:: INFORMATION
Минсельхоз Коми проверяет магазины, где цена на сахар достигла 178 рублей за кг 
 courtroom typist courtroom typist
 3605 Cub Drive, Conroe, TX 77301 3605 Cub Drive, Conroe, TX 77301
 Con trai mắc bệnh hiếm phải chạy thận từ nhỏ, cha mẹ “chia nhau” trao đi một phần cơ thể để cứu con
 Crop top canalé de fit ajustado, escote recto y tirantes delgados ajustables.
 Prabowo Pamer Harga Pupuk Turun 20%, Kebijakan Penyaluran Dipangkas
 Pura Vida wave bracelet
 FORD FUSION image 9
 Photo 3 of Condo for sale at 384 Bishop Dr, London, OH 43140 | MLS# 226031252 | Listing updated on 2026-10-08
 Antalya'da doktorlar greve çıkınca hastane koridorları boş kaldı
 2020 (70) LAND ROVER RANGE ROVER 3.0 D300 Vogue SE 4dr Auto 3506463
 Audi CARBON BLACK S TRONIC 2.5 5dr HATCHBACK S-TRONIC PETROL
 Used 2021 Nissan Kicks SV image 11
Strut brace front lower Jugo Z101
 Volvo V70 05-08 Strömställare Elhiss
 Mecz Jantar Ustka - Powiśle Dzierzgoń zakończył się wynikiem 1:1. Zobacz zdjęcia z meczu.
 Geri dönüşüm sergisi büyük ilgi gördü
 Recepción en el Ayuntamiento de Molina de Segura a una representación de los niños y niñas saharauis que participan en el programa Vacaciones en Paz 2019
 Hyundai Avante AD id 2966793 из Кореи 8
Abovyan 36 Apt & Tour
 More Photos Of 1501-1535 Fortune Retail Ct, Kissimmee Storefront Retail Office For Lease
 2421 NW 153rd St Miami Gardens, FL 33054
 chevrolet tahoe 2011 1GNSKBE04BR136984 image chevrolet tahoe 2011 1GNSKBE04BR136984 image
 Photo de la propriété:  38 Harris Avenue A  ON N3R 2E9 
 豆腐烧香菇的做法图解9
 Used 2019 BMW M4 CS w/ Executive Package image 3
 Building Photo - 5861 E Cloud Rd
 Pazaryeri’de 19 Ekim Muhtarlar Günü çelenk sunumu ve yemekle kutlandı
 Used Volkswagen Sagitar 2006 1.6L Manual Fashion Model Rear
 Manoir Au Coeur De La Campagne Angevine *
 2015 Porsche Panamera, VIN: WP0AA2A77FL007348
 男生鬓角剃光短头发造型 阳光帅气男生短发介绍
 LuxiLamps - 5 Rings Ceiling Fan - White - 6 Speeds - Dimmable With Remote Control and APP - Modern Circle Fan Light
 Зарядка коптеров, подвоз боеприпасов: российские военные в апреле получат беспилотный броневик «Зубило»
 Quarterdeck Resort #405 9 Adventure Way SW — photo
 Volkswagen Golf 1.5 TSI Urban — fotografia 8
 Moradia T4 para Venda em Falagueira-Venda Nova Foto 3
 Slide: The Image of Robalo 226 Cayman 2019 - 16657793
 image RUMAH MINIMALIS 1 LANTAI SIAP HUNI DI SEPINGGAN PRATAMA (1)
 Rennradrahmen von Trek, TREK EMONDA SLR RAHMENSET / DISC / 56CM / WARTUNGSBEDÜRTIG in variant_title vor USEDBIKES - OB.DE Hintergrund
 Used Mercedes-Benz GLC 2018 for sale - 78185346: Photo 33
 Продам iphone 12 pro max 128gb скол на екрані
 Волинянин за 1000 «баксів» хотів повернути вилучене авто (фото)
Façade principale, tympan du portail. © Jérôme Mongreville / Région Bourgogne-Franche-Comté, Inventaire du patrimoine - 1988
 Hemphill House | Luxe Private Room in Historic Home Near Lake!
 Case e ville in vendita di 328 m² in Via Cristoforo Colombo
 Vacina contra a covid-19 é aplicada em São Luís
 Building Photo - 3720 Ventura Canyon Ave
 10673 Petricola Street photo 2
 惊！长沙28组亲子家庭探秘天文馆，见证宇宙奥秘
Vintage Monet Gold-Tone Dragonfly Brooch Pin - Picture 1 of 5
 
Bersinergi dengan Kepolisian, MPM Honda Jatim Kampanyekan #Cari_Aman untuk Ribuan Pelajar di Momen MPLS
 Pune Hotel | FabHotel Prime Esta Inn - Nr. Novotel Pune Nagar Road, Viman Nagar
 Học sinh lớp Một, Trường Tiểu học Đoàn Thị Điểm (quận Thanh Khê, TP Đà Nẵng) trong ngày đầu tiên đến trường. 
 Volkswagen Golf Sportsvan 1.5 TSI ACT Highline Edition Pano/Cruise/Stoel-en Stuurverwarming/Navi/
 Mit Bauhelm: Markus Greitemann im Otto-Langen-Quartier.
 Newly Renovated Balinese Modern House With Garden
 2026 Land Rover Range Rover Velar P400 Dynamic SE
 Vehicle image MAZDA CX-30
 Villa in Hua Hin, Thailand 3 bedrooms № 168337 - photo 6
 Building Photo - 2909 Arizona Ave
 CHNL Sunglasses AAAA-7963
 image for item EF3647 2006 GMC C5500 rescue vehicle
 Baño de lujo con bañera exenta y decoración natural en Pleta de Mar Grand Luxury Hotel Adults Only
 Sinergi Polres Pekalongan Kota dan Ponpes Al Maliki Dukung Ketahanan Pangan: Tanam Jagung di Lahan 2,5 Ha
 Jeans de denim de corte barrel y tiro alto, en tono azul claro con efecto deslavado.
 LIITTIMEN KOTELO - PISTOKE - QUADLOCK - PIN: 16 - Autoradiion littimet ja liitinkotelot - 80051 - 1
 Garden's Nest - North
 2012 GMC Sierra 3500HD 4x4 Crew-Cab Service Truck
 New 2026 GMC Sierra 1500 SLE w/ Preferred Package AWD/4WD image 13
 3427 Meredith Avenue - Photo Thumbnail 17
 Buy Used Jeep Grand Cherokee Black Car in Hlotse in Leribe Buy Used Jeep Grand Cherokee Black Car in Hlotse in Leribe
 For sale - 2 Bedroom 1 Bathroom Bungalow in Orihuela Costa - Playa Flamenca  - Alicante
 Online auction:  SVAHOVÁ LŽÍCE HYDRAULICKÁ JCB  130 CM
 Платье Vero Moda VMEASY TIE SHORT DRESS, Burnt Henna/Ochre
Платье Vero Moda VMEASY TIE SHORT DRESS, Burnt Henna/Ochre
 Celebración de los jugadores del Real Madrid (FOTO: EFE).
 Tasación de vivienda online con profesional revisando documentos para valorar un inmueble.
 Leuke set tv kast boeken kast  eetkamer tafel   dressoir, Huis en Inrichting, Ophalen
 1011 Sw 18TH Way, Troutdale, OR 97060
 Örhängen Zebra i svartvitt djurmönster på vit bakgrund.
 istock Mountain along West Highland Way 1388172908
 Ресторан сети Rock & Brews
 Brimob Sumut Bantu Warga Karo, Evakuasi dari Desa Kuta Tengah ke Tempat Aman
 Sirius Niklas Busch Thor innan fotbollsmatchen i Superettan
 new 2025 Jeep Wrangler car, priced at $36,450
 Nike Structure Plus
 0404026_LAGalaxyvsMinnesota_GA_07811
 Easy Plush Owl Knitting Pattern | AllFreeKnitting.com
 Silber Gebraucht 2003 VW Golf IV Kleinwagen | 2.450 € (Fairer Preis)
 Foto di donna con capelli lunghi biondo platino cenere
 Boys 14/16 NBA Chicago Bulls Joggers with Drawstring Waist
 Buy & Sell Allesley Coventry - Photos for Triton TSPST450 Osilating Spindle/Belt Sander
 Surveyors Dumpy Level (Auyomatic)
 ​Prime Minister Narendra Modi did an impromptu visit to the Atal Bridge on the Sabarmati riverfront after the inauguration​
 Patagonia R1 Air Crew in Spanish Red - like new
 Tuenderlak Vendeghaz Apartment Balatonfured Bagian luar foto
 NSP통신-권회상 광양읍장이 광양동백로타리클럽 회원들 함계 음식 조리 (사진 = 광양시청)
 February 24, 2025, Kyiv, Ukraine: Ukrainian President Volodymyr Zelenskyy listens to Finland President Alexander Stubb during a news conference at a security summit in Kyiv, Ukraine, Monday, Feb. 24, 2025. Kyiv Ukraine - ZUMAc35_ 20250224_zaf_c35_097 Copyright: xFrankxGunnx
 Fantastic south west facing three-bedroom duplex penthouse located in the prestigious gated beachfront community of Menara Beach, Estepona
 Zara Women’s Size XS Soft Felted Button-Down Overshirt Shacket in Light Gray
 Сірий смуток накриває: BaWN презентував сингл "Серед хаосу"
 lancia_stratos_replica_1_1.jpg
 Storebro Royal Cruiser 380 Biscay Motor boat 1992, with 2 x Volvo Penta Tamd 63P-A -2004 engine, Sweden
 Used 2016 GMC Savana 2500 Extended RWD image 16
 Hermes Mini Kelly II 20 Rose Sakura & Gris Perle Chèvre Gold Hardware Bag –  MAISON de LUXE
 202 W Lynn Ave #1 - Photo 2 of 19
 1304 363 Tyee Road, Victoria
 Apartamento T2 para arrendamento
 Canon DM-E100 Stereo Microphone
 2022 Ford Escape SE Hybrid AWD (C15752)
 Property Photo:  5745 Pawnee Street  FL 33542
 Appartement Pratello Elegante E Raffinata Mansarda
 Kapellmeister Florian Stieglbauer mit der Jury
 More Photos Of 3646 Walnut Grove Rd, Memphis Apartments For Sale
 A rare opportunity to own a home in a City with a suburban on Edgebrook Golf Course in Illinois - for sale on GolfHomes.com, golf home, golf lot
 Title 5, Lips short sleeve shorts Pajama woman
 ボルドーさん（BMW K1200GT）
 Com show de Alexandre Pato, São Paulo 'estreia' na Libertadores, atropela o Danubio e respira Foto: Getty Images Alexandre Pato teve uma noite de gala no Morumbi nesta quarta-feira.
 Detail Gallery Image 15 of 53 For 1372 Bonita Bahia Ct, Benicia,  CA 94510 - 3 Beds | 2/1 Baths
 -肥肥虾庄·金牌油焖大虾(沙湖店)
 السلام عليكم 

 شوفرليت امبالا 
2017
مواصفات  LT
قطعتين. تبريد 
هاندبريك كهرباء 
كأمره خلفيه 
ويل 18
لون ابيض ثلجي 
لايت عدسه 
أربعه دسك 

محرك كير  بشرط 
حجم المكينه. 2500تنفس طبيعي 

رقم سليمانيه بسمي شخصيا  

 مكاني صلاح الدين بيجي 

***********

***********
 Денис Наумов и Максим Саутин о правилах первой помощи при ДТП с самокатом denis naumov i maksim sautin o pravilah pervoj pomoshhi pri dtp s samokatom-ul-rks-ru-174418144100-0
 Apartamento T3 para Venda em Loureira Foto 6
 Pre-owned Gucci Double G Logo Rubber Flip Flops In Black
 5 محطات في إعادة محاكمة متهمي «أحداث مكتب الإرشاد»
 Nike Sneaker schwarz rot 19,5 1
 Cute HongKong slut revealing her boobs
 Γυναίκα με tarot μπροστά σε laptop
::::
--- INSTRUCTIONS FOR THE TASK ---
From the records above, transcribe without alteration every line from the one with "3605 Cub Drive, Conroe, TX 77301 3605" to the one with "Slide: The Image", inclusive.

--- SOLUTION TO THE PROBLEM ---
 3605 Cub Drive, Conroe, TX 77301 3605 Cub Drive, Conroe, TX 77301
 Con trai mắc bệnh hiếm phải chạy thận từ nhỏ, cha mẹ “chia nhau” trao đi một phần cơ thể để cứu con
 Crop top canalé de fit ajustado, escote recto y tirantes delgados ajustables.
 Prabowo Pamer Harga Pupuk Turun 20%, Kebijakan Penyaluran Dipangkas
 Pura Vida wave bracelet
 FORD FUSION image 9
 Photo 3 of Condo for sale at 384 Bishop Dr, London, OH 43140 | MLS# 226031252 | Listing updated on 2026-10-08
 Antalya'da doktorlar greve çıkınca hastane koridorları boş kaldı
 2020 (70) LAND ROVER RANGE ROVER 3.0 D300 Vogue SE 4dr Auto 3506463
 Audi CARBON BLACK S TRONIC 2.5 5dr HATCHBACK S-TRONIC PETROL
 Used 2021 Nissan Kicks SV image 11
Strut brace front lower Jugo Z101
 Volvo V70 05-08 Strömställare Elhiss
 Mecz Jantar Ustka - Powiśle Dzierzgoń zakończył się wynikiem 1:1. Zobacz zdjęcia z meczu.
 Geri dönüşüm sergisi büyük ilgi gördü
 Recepción en el Ayuntamiento de Molina de Segura a una representación de los niños y niñas saharauis que participan en el programa Vacaciones en Paz 2019
 Hyundai Avante AD id 2966793 из Кореи 8
Abovyan 36 Apt & Tour
 More Photos Of 1501-1535 Fortune Retail Ct, Kissimmee Storefront Retail Office For Lease
 2421 NW 153rd St Miami Gardens, FL 33054
 chevrolet tahoe 2011 1GNSKBE04BR136984 image chevrolet tahoe 2011 1GNSKBE04BR136984 image
 Photo de la propriété:  38 Harris Avenue A  ON N3R 2E9 
 豆腐烧香菇的做法图解9
 Used 2019 BMW M4 CS w/ Executive Package image 3
 Building Photo - 5861 E Cloud Rd
 Pazaryeri’de 19 Ekim Muhtarlar Günü çelenk sunumu ve yemekle kutlandı
 Used Volkswagen Sagitar 2006 1.6L Manual Fashion Model Rear
 Manoir Au Coeur De La Campagne Angevine *
 2015 Porsche Panamera, VIN: WP0AA2A77FL007348
 男生鬓角剃光短头发造型 阳光帅气男生短发介绍
 LuxiLamps - 5 Rings Ceiling Fan - White - 6 Speeds - Dimmable With Remote Control and APP - Modern Circle Fan Light
 Зарядка коптеров, подвоз боеприпасов: российские военные в апреле получат беспилотный броневик «Зубило»
 Quarterdeck Resort #405 9 Adventure Way SW — photo
 Volkswagen Golf 1.5 TSI Urban — fotografia 8
 Moradia T4 para Venda em Falagueira-Venda Nova Foto 3
 Slide: The Image of Robalo 226 Cayman 2019 - 16657793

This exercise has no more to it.